Ainda seguindo leis ambientais, atividades minerárias de grande porte, como são as grandes minas de metais que se encontram na província do Quadrilátero, sempre acabam causando impactos. Por essa razão, a recuperação da área minerada não é menos importante que sua prospecção e beneficiamento, e deve ser bem planejada, regulada e aprovada pelo órgão ambiental responsável com antecedência — como discutido no artigo da sério #Geologia Ambiental, aqui no Sobre Geologia, no artigo "Recuperação de áreas degradadas". Quanto maior o empreendimento, maior também deve ser o cuidado com problemas ambientais.

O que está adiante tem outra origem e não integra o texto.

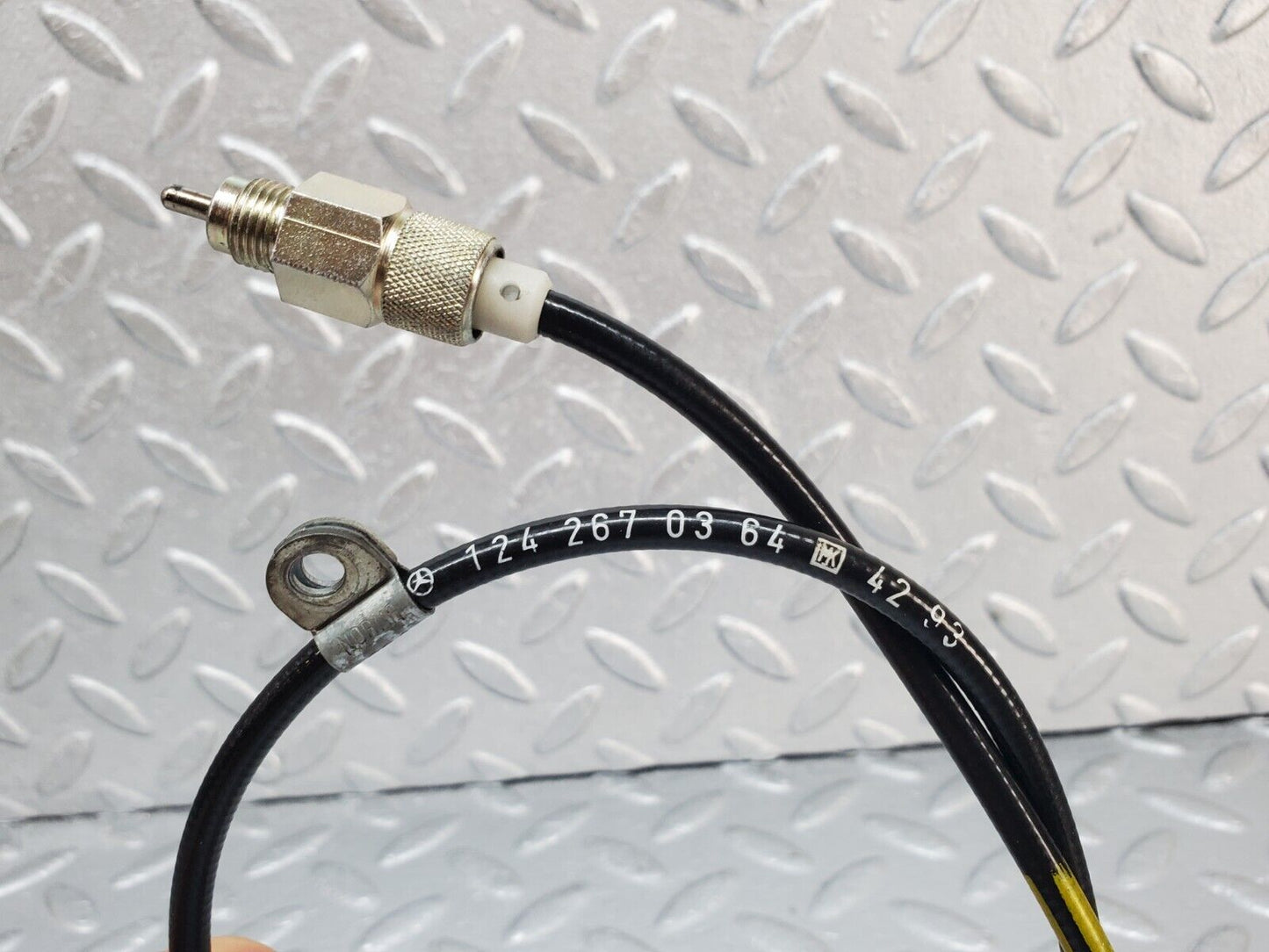 44805 Mercedes-Benz W124 220E Gearbox Cable 1242670364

Mapa da expansão da mineração no estado de Minas Gerais durante desde os anos 1980 até 2014. Figura: REZENDE, Vanessa Leite, 2016

Conclusão

A região do Quadrilátero Ferrífero, no estado de Minas Gerais, é uma das províncias minerais de maior importância para o país. Diversos estudos são feitos sobre sua geologia há anos, desde sua participação no ciclo do ouro — e são feitos até hoje. Com seus 7000 km² de área e formato curioso, o Quadrilátero e sua geologia representam uma parcela significativa das atividades minerárias do Brasil, bem como produção de muito do nosso minério de ferro, ouro, etc. Por essa razão, é de extrema importância continuar buscando, produzindo e estudando mais sobre essa província.